The Consumer Price Index (CPI) in the Canary Islands increased by 6.8% over the month of February, in the year since February 2021, due to an increase in housing, transport and food prices, according to data published this Friday by Spain’s National Institute of Statistics (INE).

In one year housing has increased by 22.3% on the islands, while transport grew by 11.4%, and food and non-alcoholic beverages have increased by 6.1%. In contrast, only the inter-annual prices of clothing and footwear (-0.5%) and communications (-0.7%) fell in that time. The CPI has grown overall in the Archipelago by 0.7% since January due to increases in transport prices (+1.7%); in food and non-alcoholic beverages (+1.3%); and alcoholic beverages and tobacco (+1.1%), with only the prices of clothing and footwear falling (-2%).

Nationally, the CPI rose 0.8% in February and raised its inter-annual rate 1.5 points, to 7.6%, its highest in almost 36 years, since at least December 1986.

February’s inter-annual CPI rate (7.6%) is two tenths higher than at the end of last month (7.4%).
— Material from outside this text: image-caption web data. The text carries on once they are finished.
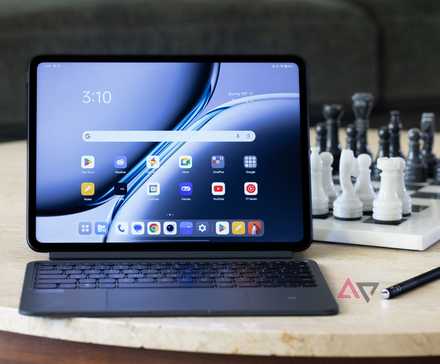 Best tablets for taking notes in 2025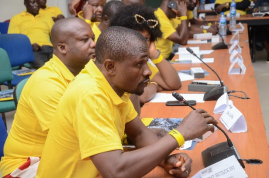 【新聞】2024尼日利亞經銷商（shāng）大會（huì）-調（diào）整圖片287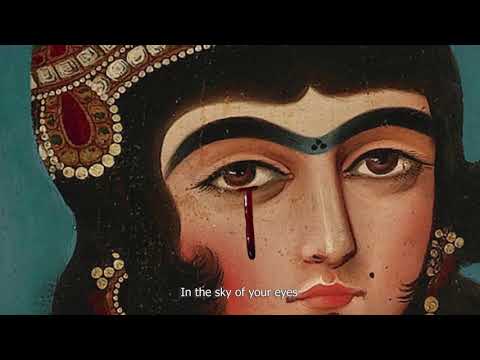 Kiosk - Sweet Destiny (The Movie)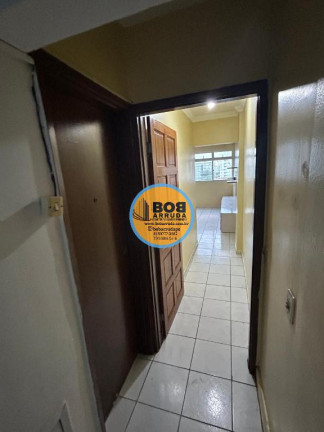 Imagem Apartamento com 3 Quartos à Venda, 120 m² em Boa Viagem - Recife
More than three consecutive months at levels above 6%, a persistently high CPI not seen in three decades.

According to the INE, the year-on-year rise in the CPI to 7.6% has been due to electricity prices, which fell less than they did back in February 2021; added to this the increase in restaurant prices, and the higher cost of diesel for heating, fuel, automobiles and some foods, such as legumes and vegetables; milk, cheese and eggs, and bread and cereal, and there are plenty of reasons for concern in the months ahead.

Core inflation (excluding unprocessed food and energy products) increased six tenths in February, to 3%, which is more than 4.5 points below the rate of the general CPI. This represents the highest underlying rate since September 2008.

The CPI increased by 0.8% over the last month, in contrast to its having dropped 0.4% in January, due to the rise in the prices of fuels, fuels for heating, fruit and other food products, and catering.

In the last year, heating, lighting and water distribution have become 51.7% more expensive; oils and fats have raised their prices by 28.1% and personal transport is 13.3% more expensive due to the higher cost of fuel.